もうかなり前のことで曖昧になっているところもあるけれど、とある不思議な体験をし、その出来事があったことである“色”に魅せられてしまった話をしようと思う。僕は当時、横浜の薬局に勤めていてJRの駅からいつもバスに乗って通勤していた。その薬局は海から近く、バスは海に向かって流れていく川沿いを走る路線だった。こうしたバスの路線は日本中に何百とあるだろうし、特に何か変わったところのない普通のバス路線だったと思う。薬局での勤務を終えた土曜日の帰り道、多分時間は4時ごろだったと思うのだが、何しろ10年以上前のことなので記憶が曖昧になっている。僕はいつものように最後尾の座席に座って、ぼんやりと外の景色を眺めていた。すると1羽のカモメが僕のちょうど目線の高さにやってきて、見事にバスの速度に合わせて並走して飛んでいた。その時僕は、あまりのカモメの白い色の美しさに魅了されて、しばらく目が離せなかった。誰かにこのことを話すと信じてもらえないことが多いのだが、その時僕はカモメと目があったと思っていて、優雅に飛んでいるそのカモメはバスの中の人間を見て、そんな狭いところに押し込まれて大変だね君はと言っているようだった。カモメが本当は何を考えていたかは、カモメに聞かなければわからないし、そのかもめに2度と会うチャンスはないだろうけれども。後から冷静に考えてみると短い間あったかもしれないが、窓を隔てているものの50cmくらいの距離でカモメを穴の開くほど観察した。後日誰かにこのことを説明するときに僕はいつも、時間にしてどれくらいかはいえないが、だいたいバス停一つ分くらいと説明することにしている。

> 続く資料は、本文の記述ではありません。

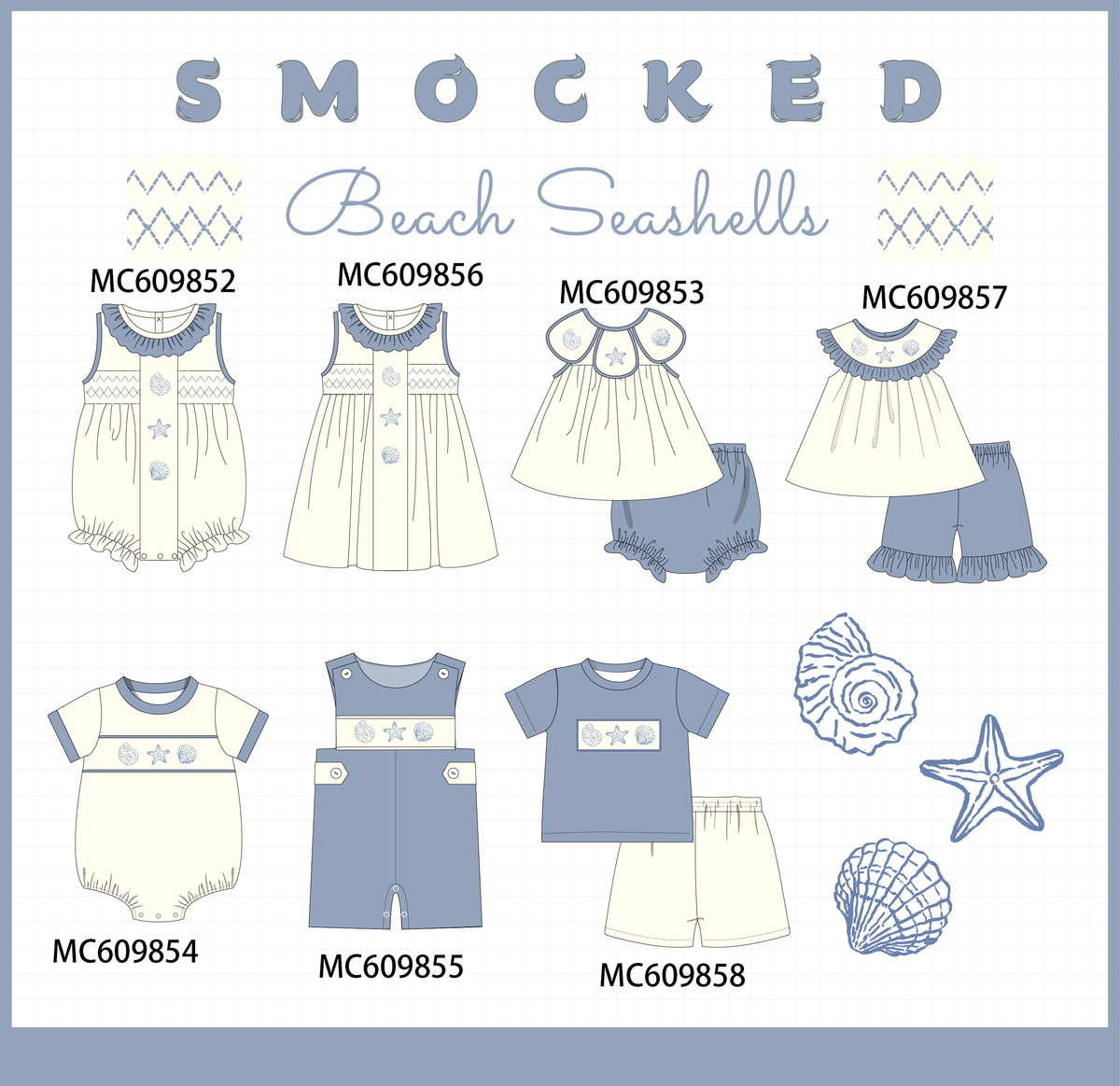 PO37: Beige Beach Seashell Smocked Collection (ETA March)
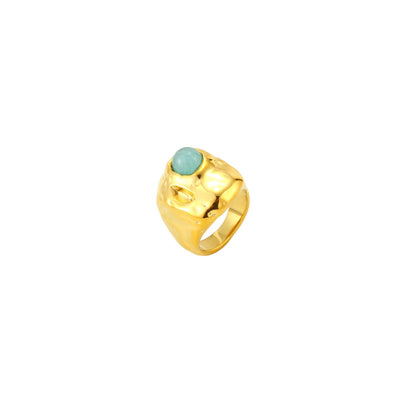 Anillo tipo sello de forma orgánica de acero inoxidable dorado con piedra mineral amazonita
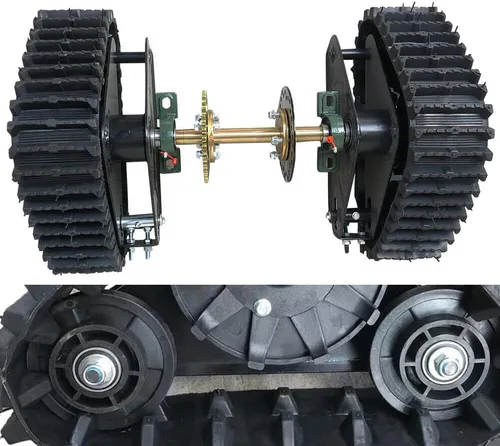 Vista 4 de Kit de montaje de eje trasero, 24 "Go Kart Buggy Quad Ruedas Traseras, ATV Snow Rubber Sand Track Assemly Pro Kits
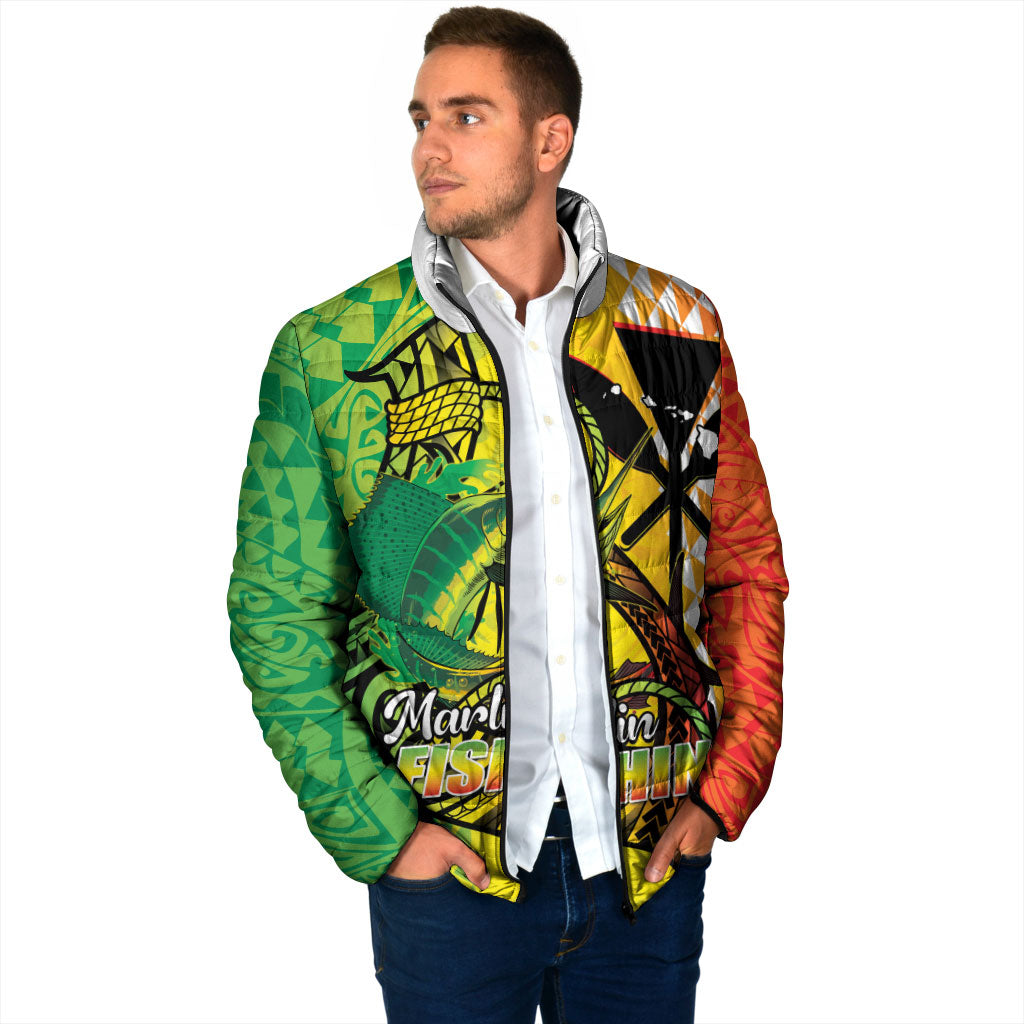 Hawaii Blue Marlin Fishing Padded Jacket Hawaiian Kanaka Kakau Reggae LT14 - Polynesian Pride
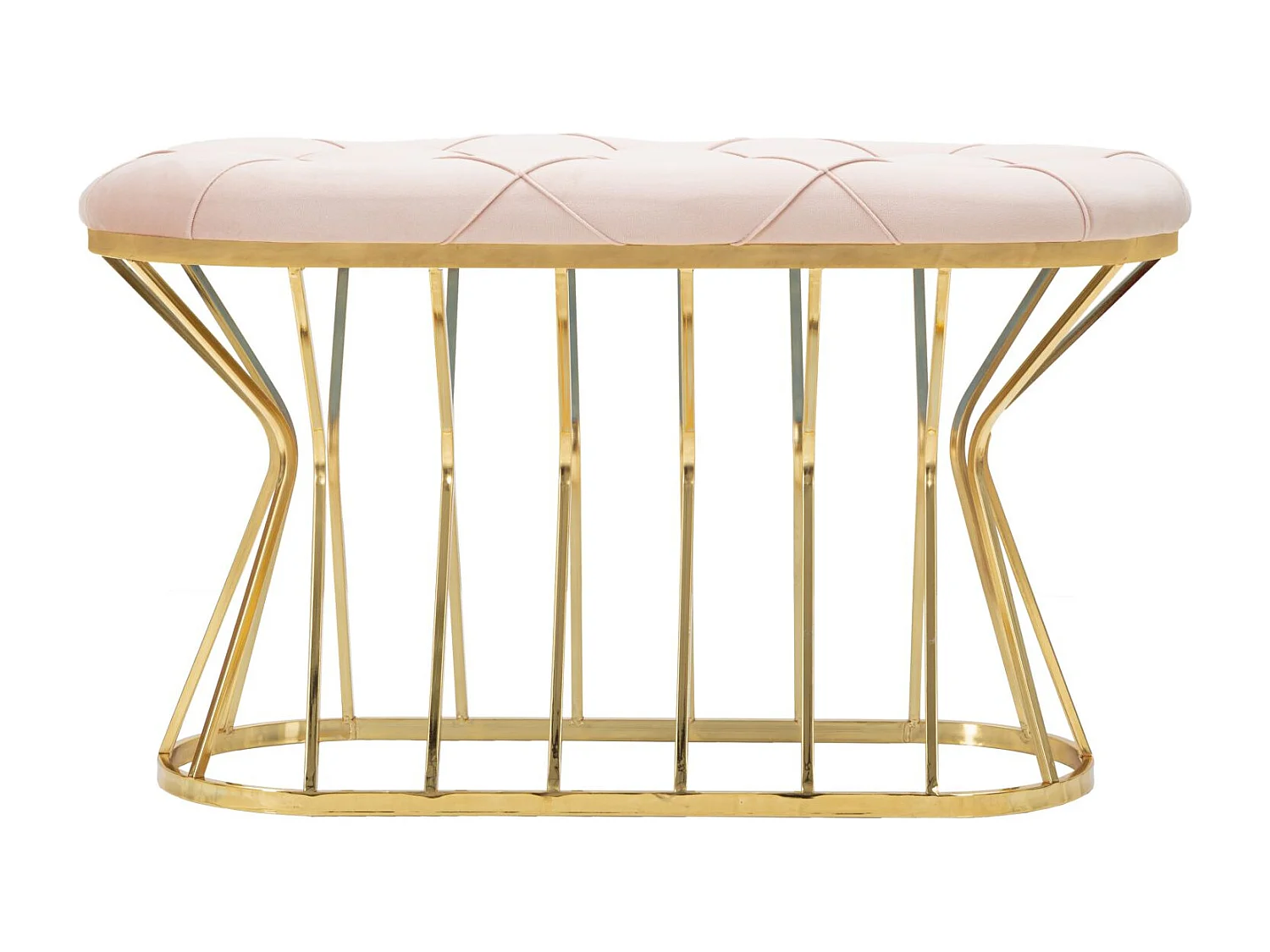 Banc en tissu rose avec structure dorée 91x38x52 cm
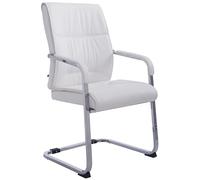 CLP Chaise Visiteur XXL Anubis I Chaise Stable Et Facile d'entretien avec Revętement en Similicuir I Capacité De Charge De 260 Kg, Couleur:Blanc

以上、村上春樹風に以前体験した不思議体験を書いてみたのですがいかがでしょうか?
本当にあった出来事です、信じてもらえないかもしれませんが・・・。それ以来カモメの“白”が好きになり、“白”の中で一番綺麗な“白”はカモメ色(カモメ色があるとは思いませんが)の“白”だと思っています。
写真は江ノ島界隈をナワバリにしているカモメです。いつもだいたい10羽くらいいて、同じ電灯に3羽ぐらいかたまっているのですが、写真を撮った日は1羽だけでした残念。